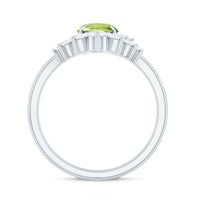 Oval peridot engagement ring with diamond wedding band, featuring a 1-carat peridot gemstone and sparkling diamond accents.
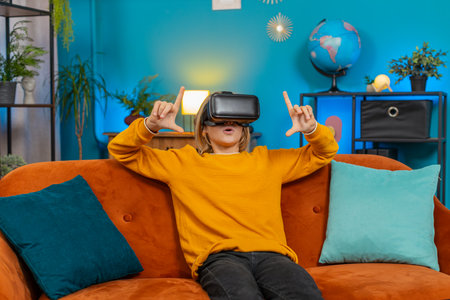 Teenager boy plays virtual reality game at home couch living room. Enthusiastically waves hands...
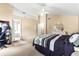 Large main bedroom with high ceilings, ceiling fan and an ensuite bath at 531 Chadborn Ct, Lawrenceville, GA 30045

◆ Task description:
Write out the material exactly, excluding pictures.

◆ Response:
 Oval peridot engagement ring with diamond wedding band, featuring a 1-carat peridot gemstone and sparkling diamond accents.
 Teenager boy plays virtual reality game at home couch living room. Enthusiastically waves hands...
 Large main bedroom with high ceilings, ceiling fan and an ensuite bath at 531 Chadborn Ct, Lawrenceville, GA 30045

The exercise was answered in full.